Après l'essai penser/classer, je continue ma découverte de Perec avec ce classique dans lequel alternent deux textes, l'un descriptif, l'autre narratif, et apparemment sans lien. La partie autobiographique est une succession d'informations que j'ai trouvée tristement neutre et sans émotions. Juif d'origine polonaise, enfant quand la Seconde Guerre mondiale éclate, Perec évoque quelques faits intéressants, comme le changement de patronyme de sa famille. Cependant ses souvenirs restent succincts et surtout très confus : le texte regorge tellement d'approximations (« Il me semble... » , « Je crois me rappeler... »), d'événements contredits (« En fait... ») et d'incertitudes (« Ces détails sont donnés complètement au hasard ») que j'en suis venue à douter de la véracité (et de l'intérêt) des propos (« Il y eut la Libération, je n'en ai gardé aucune image »). On sait que l'exercice est difficile (« Il me semble que je ne parviendrai qu'à un ressassement sans issue »), mais il se prête justement à la réflexion et à l'analyse, notamment sur la perception d'enfant, le temps et la mémoire qui déforment la réalité - plutôt que ce texte fade sans but réel, du moins évident.
La première partie du récit de fiction m'a bien plu : il y a un côté suspense sympathique (que veut le mystérieux Otto Apfelstahl à Gaspard Winckler ?). Et un premier lien avec l'autobiographie : la figure centrale du premier roman de Perec porte le même nom que le narrateur.
Avec l'histoire de l'homonyme naufragé, on tombe ensuite dans le rocambolesque. Mais quand démarre l'interminable description du fonctionnement olympique de l'île
De W, j'ai carrément décroché. J'ai attendu en vain un héros et une intrigue : il n'y en a pas. Et surtout, quel rapport avec l'épisode précédent ?

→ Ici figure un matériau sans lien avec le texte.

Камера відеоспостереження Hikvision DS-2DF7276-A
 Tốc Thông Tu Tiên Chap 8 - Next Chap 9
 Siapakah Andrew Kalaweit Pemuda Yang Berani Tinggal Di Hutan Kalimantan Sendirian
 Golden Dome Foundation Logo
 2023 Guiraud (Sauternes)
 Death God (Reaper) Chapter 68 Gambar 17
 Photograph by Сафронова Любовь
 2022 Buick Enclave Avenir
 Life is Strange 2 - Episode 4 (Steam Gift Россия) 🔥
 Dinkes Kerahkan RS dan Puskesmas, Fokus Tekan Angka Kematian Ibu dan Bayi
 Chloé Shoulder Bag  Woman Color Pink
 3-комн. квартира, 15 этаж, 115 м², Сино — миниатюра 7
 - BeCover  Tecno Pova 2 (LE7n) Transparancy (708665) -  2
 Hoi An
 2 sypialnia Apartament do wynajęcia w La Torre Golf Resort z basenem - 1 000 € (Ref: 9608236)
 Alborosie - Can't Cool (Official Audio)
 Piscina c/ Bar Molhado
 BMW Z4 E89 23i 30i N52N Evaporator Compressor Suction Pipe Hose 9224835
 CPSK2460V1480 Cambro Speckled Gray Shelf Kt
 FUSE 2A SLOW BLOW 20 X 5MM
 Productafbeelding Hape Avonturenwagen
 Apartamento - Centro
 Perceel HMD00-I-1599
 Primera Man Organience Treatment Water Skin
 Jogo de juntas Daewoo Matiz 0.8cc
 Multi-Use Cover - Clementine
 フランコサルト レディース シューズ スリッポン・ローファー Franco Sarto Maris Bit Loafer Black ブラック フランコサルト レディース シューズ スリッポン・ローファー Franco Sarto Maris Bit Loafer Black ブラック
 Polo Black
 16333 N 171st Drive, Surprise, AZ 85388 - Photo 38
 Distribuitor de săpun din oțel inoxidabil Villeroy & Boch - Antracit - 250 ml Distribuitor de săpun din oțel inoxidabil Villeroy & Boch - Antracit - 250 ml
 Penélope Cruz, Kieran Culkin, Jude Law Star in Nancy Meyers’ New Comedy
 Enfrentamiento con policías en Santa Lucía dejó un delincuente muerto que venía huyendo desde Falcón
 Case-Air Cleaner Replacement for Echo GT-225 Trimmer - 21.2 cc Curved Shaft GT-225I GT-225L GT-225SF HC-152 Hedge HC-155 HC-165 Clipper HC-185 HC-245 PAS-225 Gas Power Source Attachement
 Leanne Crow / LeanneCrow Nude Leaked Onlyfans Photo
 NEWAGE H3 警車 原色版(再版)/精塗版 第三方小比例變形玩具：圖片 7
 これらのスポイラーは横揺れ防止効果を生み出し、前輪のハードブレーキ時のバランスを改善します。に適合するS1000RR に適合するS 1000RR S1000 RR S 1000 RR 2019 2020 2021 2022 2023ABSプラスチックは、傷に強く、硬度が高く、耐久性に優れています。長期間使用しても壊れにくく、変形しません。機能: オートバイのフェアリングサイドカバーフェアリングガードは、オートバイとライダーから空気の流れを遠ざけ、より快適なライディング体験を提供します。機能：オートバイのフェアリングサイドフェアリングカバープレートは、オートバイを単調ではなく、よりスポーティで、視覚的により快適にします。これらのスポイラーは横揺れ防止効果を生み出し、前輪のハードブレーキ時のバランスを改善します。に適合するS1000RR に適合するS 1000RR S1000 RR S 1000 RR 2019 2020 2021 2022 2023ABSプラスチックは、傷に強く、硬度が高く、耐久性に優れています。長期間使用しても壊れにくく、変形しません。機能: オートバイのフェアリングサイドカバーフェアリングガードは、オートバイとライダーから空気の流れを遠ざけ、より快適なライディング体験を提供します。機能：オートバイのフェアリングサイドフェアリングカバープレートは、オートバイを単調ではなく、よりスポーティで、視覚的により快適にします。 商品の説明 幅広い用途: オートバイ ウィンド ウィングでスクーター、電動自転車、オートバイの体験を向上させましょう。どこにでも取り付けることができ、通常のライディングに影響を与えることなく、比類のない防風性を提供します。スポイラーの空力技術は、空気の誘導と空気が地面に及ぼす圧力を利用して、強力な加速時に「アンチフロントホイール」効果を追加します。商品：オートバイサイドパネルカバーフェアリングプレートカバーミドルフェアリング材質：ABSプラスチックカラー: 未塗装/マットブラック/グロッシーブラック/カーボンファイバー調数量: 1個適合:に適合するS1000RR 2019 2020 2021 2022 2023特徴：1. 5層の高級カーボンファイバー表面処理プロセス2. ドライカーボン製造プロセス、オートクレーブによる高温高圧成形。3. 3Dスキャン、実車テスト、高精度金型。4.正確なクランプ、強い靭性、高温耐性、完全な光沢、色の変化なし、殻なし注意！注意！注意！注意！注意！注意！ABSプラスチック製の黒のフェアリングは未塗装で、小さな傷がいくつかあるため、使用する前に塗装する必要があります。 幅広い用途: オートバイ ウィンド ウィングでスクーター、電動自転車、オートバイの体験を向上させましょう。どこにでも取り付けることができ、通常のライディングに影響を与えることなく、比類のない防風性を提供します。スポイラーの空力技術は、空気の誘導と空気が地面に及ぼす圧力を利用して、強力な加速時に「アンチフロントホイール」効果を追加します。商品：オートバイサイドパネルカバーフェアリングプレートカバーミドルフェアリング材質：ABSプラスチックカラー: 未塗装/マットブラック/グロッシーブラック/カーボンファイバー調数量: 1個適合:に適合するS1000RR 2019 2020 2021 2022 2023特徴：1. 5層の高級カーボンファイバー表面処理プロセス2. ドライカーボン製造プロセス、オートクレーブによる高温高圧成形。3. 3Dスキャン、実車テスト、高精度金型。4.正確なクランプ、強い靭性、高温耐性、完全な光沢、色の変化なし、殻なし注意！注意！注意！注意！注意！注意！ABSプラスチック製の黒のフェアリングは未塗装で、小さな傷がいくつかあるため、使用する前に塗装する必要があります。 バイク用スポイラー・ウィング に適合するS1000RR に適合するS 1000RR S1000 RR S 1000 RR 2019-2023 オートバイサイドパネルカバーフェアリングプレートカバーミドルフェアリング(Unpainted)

Même si j'ai fini par lire la partie fictive en diagonale, certains éléments m'ont interpelée : « exacerber la compétition », « exalter la victoire » puis « inégalités de traitements réservés aux vainqueurs et aux vaincus »… La société
De W semble aussi codifiée, hiérarchique et discriminatoire que l'Allemagne nazie en arrière-plan de la partie autobiographique, bien que jamais évoquée. Au fil des chapitres, cette impression s'amplifie : tel un Juif, l'athlète « croit à son Étoile », porte une tenue rayée, et le quotidien dans les villages olympiques est fait de « corvées », de « rations « et de « paillasses ». La toute fin le confirme clairement : ce que décrit Perec, ce sont bien les « camps de déportation ».
Ainsi c'est par la fiction qu'est abordée
L Histoire, puisque les souvenirs sont si défaillants. Au bout du compte, où se trouve la vérité, ou tout au moins la réalité la plus exacte ? Dans l'autobiographie ou bien dans le récit ? Sûrement un mélange des deux… En tout cas, une chose est sûre :
Georges Perec s'amuse avec l'écriture, et avec son lecteur.